Requirements


Functional Requirements:


  • Create a short URL for a given long URL.
  • Return the long URL associated with a given short URL.



Non-Functional Requirements:


  • High Availability
  • Low-latency redirects


API Design

  • POST /shortendURL passing the long URL in the body of the request
  • GET /<short_hash> returns the long url to redirect to



High-Level Design

  • Application to be hosted in a cross-region autoscaling group behind a loadbalancer
  • SSL certificated attached to the LB provide encryption in transit, SSL terminates at the LB.
  • The application would take a URL and append a random salt to the url, then use take an MD5 hash of the concatenated string, and then truncate the url
  • hashes from URLs that are created are first checked against the key/value db for existing urls, and collision checks.

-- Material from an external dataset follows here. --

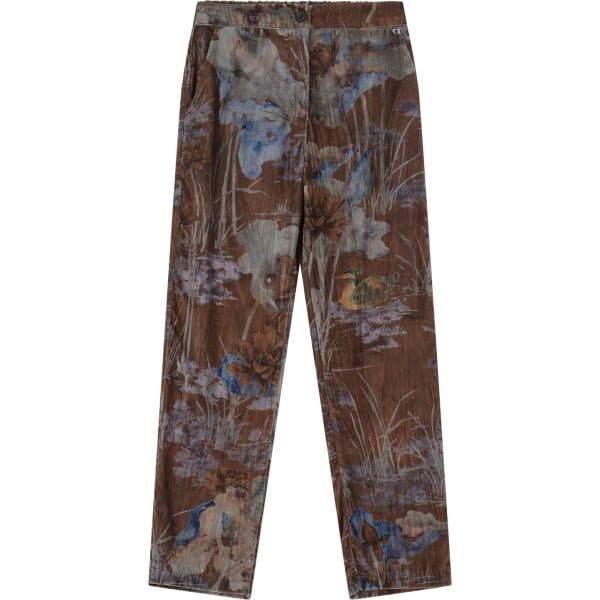 pantaloni Dixie marrone con stampe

If the values are identical, then it's a duplicate -> just return the already generated hash, if the values are different then it's a collision, append a new random salt to the original url and repeat the process
  • The key would be stored as the shortened hash, and the value is the long url.
  • When user does a GET with the short hash, the application checks the key/value store with the hash in the url and then returns a 3xx redirect with the 'Location' header set to the value in the hash table. if no value in the key/value store then return a 404 not found
  • the key/value store is responsible for storing the shortened hashes as keys and the long urls as values, this is essentially a hash table which is incredibly quick to query, meaning latency would be low.
  • We could add read replicas of the key/value store to cope with scaling
  • HA at the db level would require a more complex distributed data layer spread over multiple regions, with master writer being elected out of the group of writers



Detailed Component Design

  • The client would be a lightweight web frontend that with a text box you can paste a long url into, then it will return the newly created short URL e.g. https://<domain>/<short_hash>
  • the serverside application would have two endpoints:
    • POST /shortenedURL -> returns a string https://<domain>/<short_hash>
    • /<short_hash> -> returns a 3xx redirect response to the long url as the 'Location' header, which forces the user's browser to redirect to that long url.
  • cache layer -> key/value store would be a redis cache